▶ **What you are asked to do**
Would you print the records below without changing anything?

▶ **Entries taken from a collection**
┌──
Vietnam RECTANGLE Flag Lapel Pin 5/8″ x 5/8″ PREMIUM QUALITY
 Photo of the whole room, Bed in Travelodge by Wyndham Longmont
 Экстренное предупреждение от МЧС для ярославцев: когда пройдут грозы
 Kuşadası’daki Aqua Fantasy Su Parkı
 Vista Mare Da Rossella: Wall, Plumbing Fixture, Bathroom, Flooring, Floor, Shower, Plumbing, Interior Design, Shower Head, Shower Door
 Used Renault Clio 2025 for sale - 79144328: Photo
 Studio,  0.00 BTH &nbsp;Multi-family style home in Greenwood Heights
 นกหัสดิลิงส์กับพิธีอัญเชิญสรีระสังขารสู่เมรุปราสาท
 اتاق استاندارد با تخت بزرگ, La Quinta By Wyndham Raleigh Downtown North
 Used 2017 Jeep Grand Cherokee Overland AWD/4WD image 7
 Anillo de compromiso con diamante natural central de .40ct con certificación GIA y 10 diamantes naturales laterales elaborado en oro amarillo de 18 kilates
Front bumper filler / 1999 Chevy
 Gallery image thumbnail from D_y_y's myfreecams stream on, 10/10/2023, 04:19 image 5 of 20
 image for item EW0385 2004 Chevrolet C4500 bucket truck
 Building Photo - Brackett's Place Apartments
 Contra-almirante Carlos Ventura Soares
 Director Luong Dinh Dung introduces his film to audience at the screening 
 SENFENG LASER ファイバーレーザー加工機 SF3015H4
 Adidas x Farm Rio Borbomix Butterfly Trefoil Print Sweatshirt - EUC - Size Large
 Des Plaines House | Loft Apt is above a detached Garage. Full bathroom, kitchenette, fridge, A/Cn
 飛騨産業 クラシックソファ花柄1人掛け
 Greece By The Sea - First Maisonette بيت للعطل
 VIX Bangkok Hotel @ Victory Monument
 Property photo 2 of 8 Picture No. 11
└──
▶ **Response below**
Vietnam RECTANGLE Flag Lapel Pin 5/8″ x 5/8″ PREMIUM QUALITY
 Photo of the whole room, Bed in Travelodge by Wyndham Longmont
 Экстренное предупреждение от МЧС для ярославцев: когда пройдут грозы
 Kuşadası’daki Aqua Fantasy Su Parkı
 Vista Mare Da Rossella: Wall, Plumbing Fixture, Bathroom, Flooring, Floor, Shower, Plumbing, Interior Design, Shower Head, Shower Door
 Used Renault Clio 2025 for sale - 79144328: Photo
 Studio,  0.00 BTH &nbsp;Multi-family style home in Greenwood Heights
 นกหัสดิลิงส์กับพิธีอัญเชิญสรีระสังขารสู่เมรุปราสาท
 اتاق استاندارد با تخت بزرگ, La Quinta By Wyndham Raleigh Downtown North
 Used 2017 Jeep Grand Cherokee Overland AWD/4WD image 7
 Anillo de compromiso con diamante natural central de .40ct con certificación GIA y 10 diamantes naturales laterales elaborado en oro amarillo de 18 kilates
Front bumper filler / 1999 Chevy
 Gallery image thumbnail from D_y_y's myfreecams stream on, 10/10/2023, 04:19 image 5 of 20
 image for item EW0385 2004 Chevrolet C4500 bucket truck
 Building Photo - Brackett's Place Apartments
 Contra-almirante Carlos Ventura Soares
 Director Luong Dinh Dung introduces his film to audience at the screening 
 SENFENG LASER ファイバーレーザー加工機 SF3015H4
 Adidas x Farm Rio Borbomix Butterfly Trefoil Print Sweatshirt - EUC - Size Large
 Des Plaines House | Loft Apt is above a detached Garage. Full bathroom, kitchenette, fridge, A/Cn
 飛騨産業 クラシックソファ花柄1人掛け
 Greece By The Sea - First Maisonette بيت للعطل
 VIX Bangkok Hotel @ Victory Monument
 Property photo 2 of 8 Picture No. 11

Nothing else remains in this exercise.